20th. I had now performed my last labor at St. Mary’s—which was the preparation of my narrative of the expedition to Itasca Lake. I looked, in parting, with fond regret at the trees I had planted, the house I had built, the walks I had constructed, the garden I had cultivated, the meadow lands I had reclaimed from the tangled forest, and the wide and noble prospects which surrounded Elmwood. All was to be left—and I only waited for a suitable vessel to embark, bag and baggage, for the sacred island whose formal polysyllables had formed the dread of my spelling days at school—Michilimackinack.
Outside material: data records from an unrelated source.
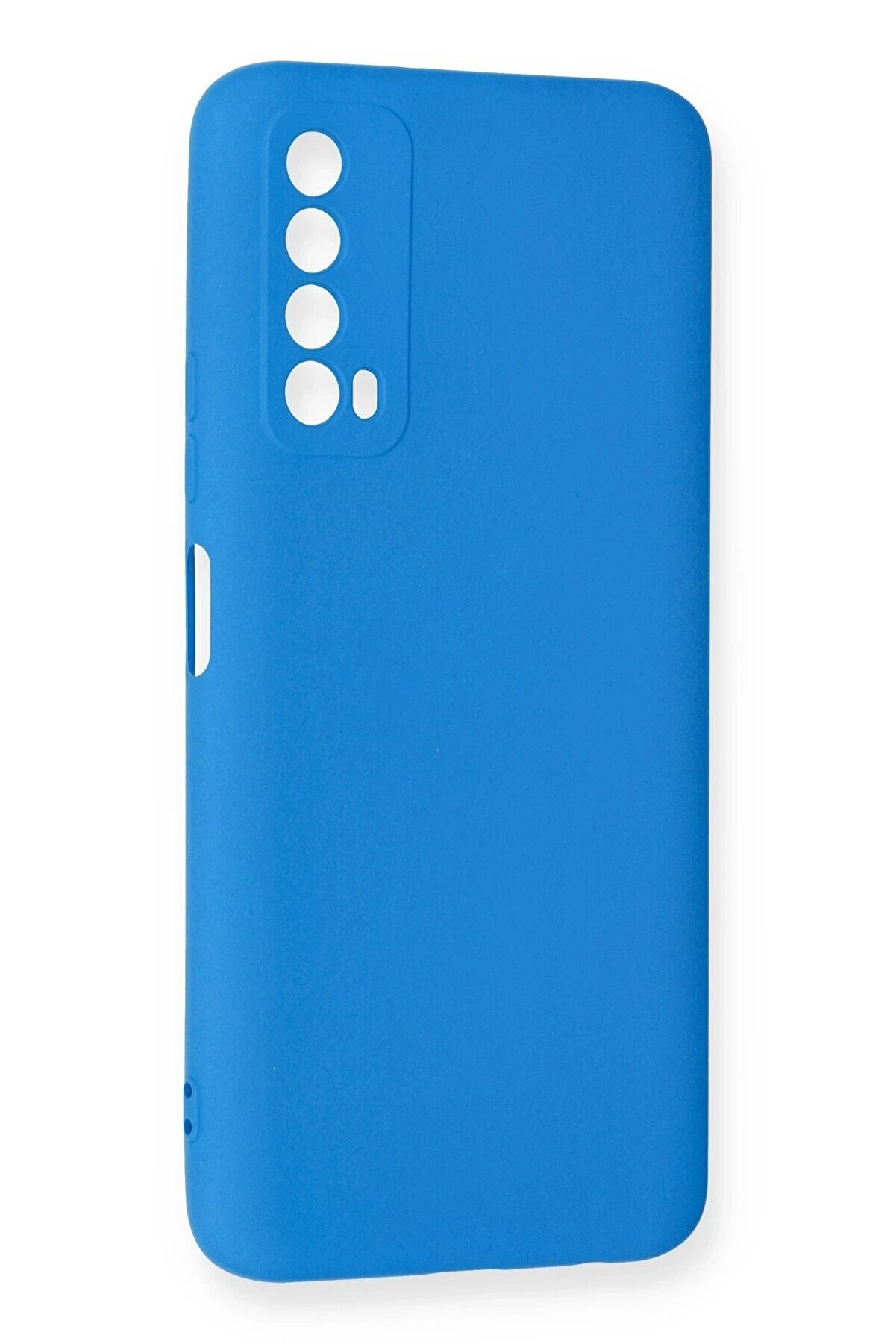 Huawei̇ P Smart 2021 Kılıf Nano İçi̇ Kadi̇fe Si̇li̇kon - Mavi̇ - Dropx3581-7198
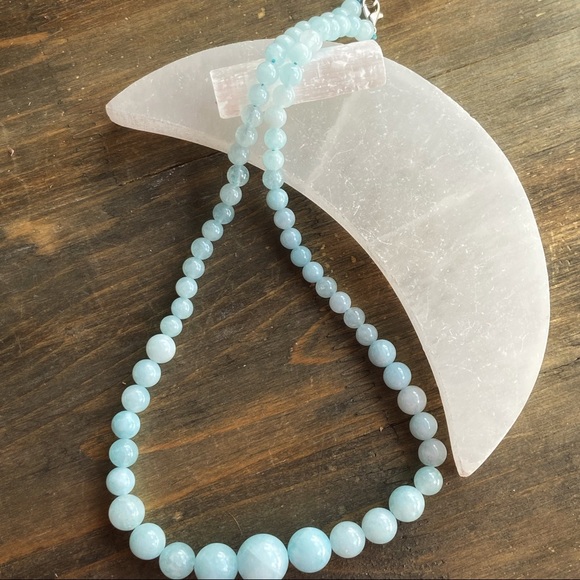 Alquimia Jewelry - AQUAMARINE BUBBLE SHORT STATEMENT NECKLACE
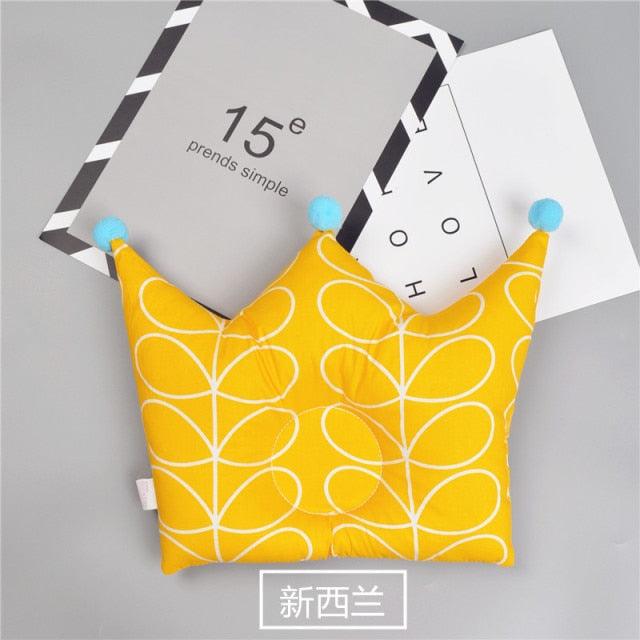Newborn Baby Shaping Pillow Cute Crown Shape Backrest Cushion Anti-head Correction Bed Neck Support Pillows Baby Pillow Baby Bedding Air Mesh Organic Cotton Soft Baby Pillow Newborn Anti Flat Head Syndrome for Crib Cot Baby Pillow - ALLURELATION - 552, Baby Cotton U-shaped Pillow, Baby Highchair Stroller, Baby Nursing Cushion, Baby Pillow, Baby Pillow Car, Baby Pillow Car Belt, Baby Pillow Car Safety Belt, Baby Pillow Safety Belt, Back Cushion, Back Lumbar Support - Stevvex.com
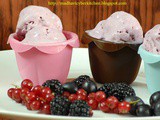 Blackberry Yogurt Ice cream
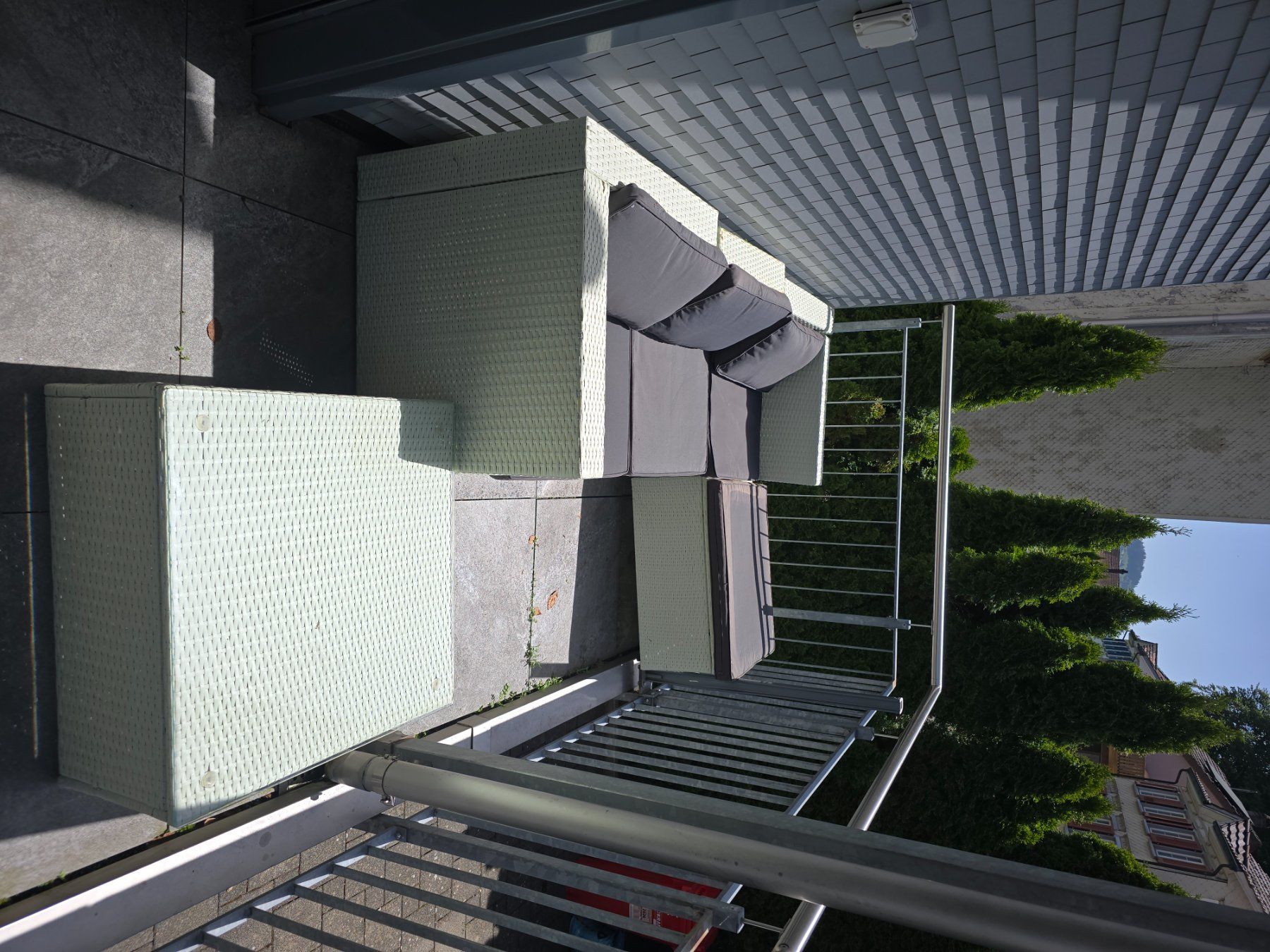 Set di tavolo e panche: Balkon/Terrassen Set 210 x 140 cm – Usato da Degersheim venduto da gogun1973 1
Earliest point of French occupancy in the area of the Upper Lakes—Removal of my residence from the Sault St. Marie to the island of Michilimackinack—Trip to New York—Its objects—American Philosophical Society—Michilimackinack; its etymology—The rage for investment in western lands begins—Traditions of Saganosh—Of Porlier—Of Perrault—Of Captain Thorn—Of the chief, Old Wing—Of Mudjekewis, of Thunder Bay—Character of Indian tradition respecting the massacre at old Fort Mackinack in 1763.
1833. June 1st. The cascades, or rapids of Sault de Ste. Marie, which occur at the point of the sinking of the water level between Lakes Superior and Huron, were, it seems, first visited, under the French government, by Charles Raumbault, in 1641. It appears to have been one of the earliest points occupied. In 1668, Claude D’Ablon and James Marquette established there the mission of St. Mary—since which, the place and the rapids have borne that name.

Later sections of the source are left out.